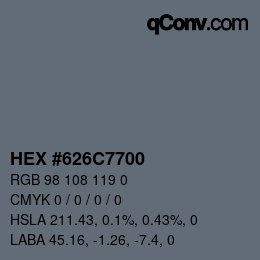 颜色代码: HEX #626C7700 | qconv.com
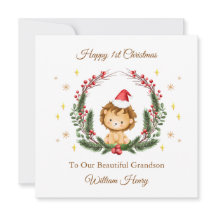 Première carte de Noël Jungle Lion Wire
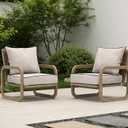 22x22 Outdoor Chair Cushions Set of 2, Waterproof Deep Seat Cushions for Patio Furniture with Removable Cover,Fade Resistant 4'' Outdoor Seat Cushion with Ties Handle for Sofa Couch,Cream Black Piping
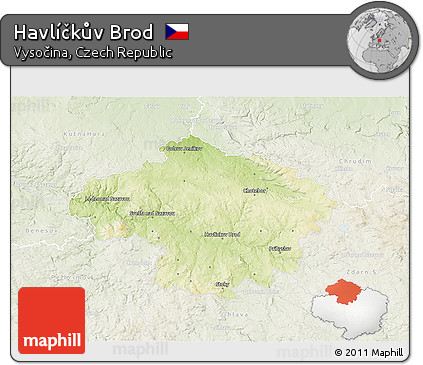 Physical 3D Map of Havlíčkův Brod, lighten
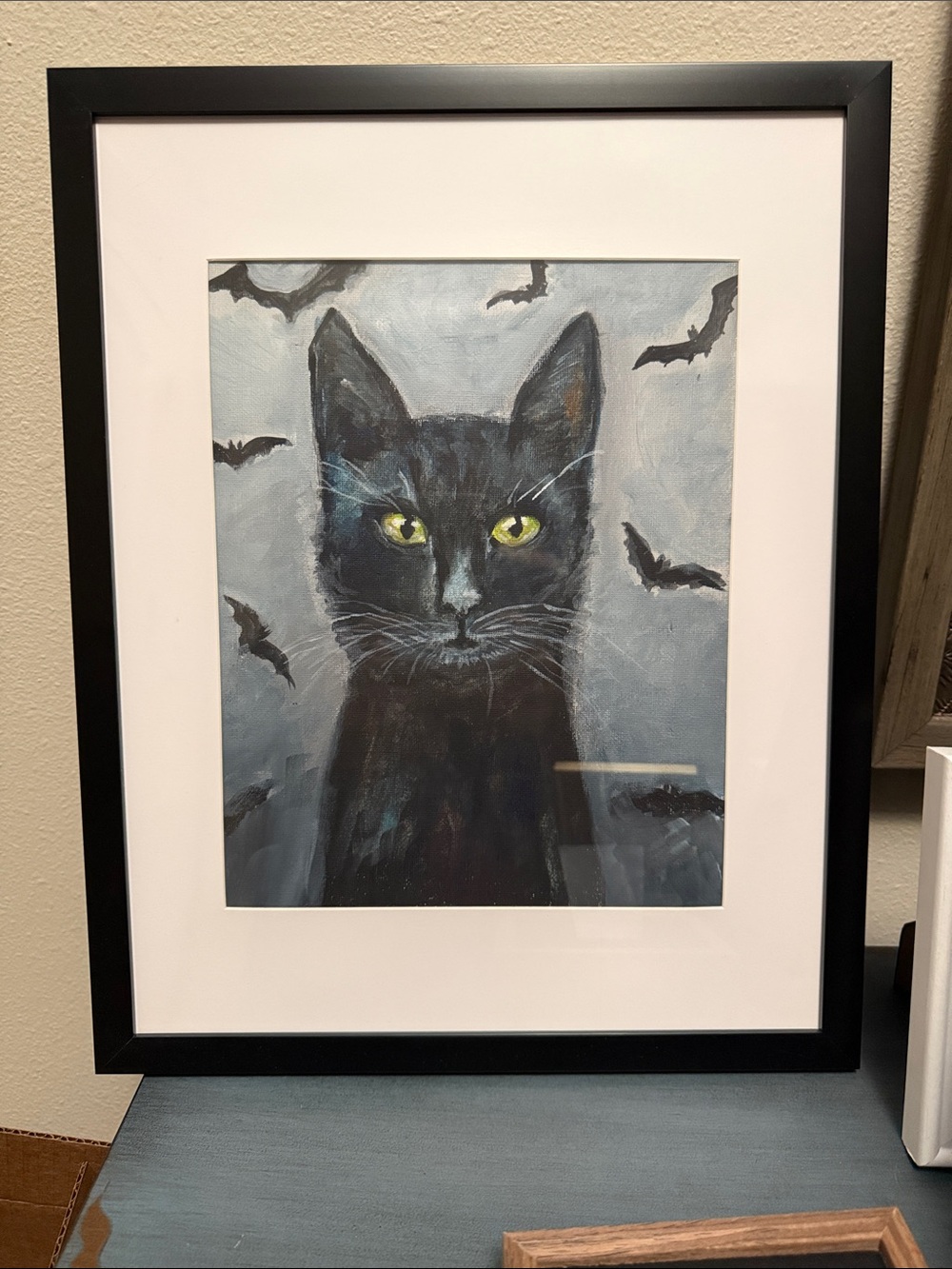 Framed Halloween Black Cat Painting 8”x 10”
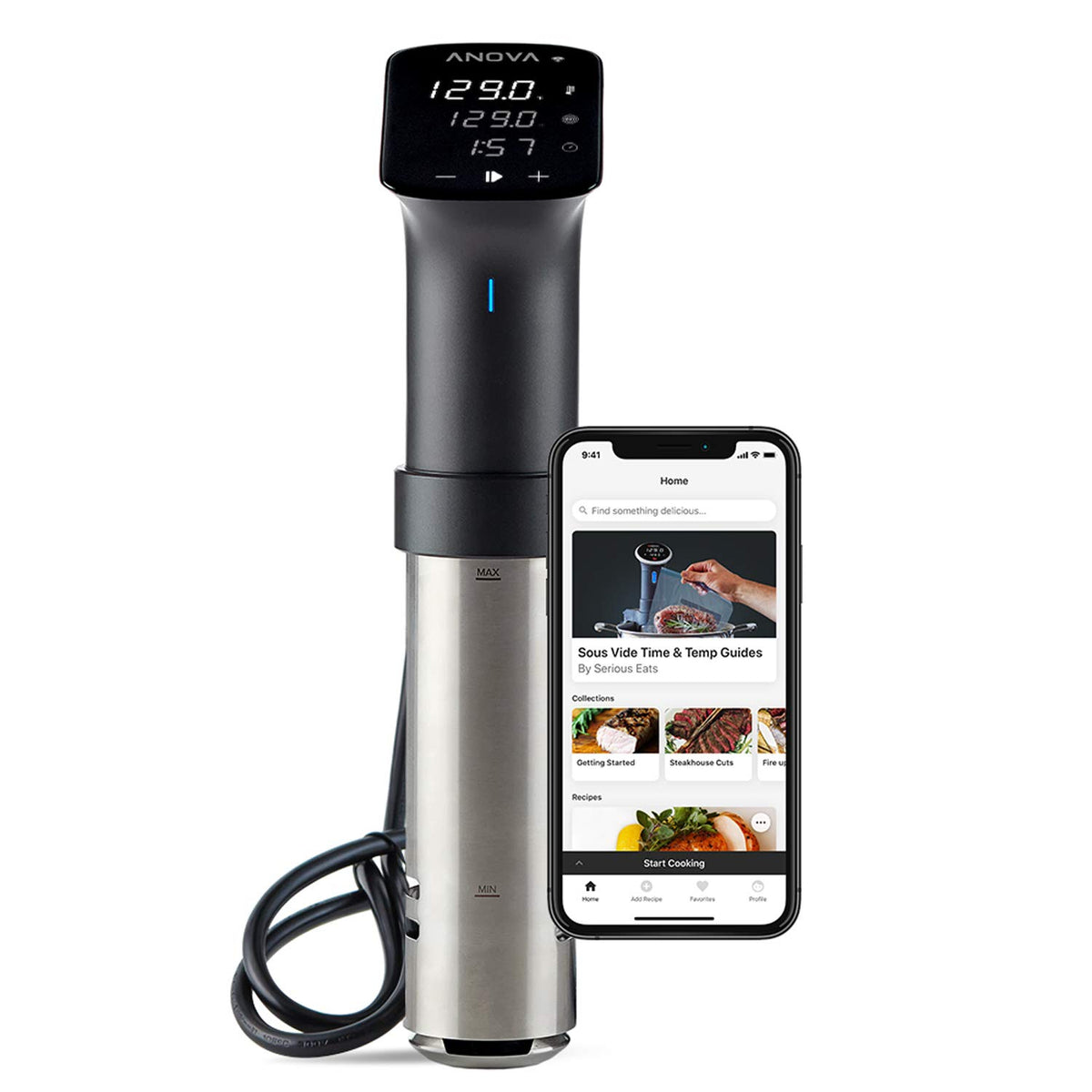Anova Culinary Pro Cooker front view highlights durable stainless steel for reliable home use.
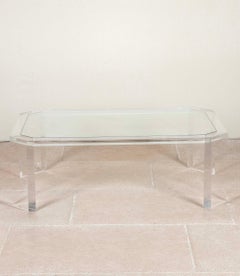 1970s Iconic David Lange Lucite and Glass Coffee Table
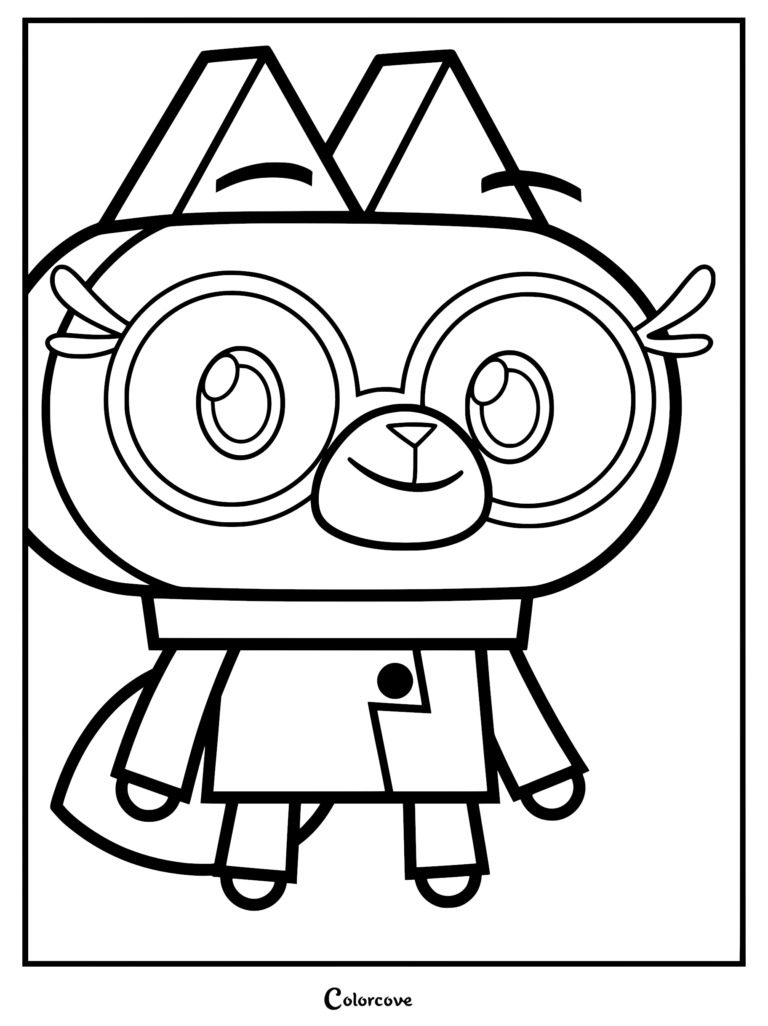 Dr. Fox from Unikitty wearing her lab coat with large glasses in a printable coloring page format.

*****

* _EXERCISE OBJECTIVE_: Restate the records above verbatim. Pictures stay out.

* _TASK RESPONSE_:
 颜色代码: HEX #626C7700 | qconv.com
 Première carte de Noël Jungle Lion Wire
 22x22 Outdoor Chair Cushions Set of 2, Waterproof Deep Seat Cushions for Patio Furniture with Removable Cover,Fade Resistant 4'' Outdoor Seat Cushion with Ties Handle for Sofa Couch,Cream Black Piping
 Physical 3D Map of Havlíčkův Brod, lighten
 Framed Halloween Black Cat Painting 8”x 10”
Anova Culinary Pro Cooker front view highlights durable stainless steel for reliable home use.
 1970s Iconic David Lange Lucite and Glass Coffee Table
 Dr. Fox from Unikitty wearing her lab coat with large glasses in a printable coloring page format.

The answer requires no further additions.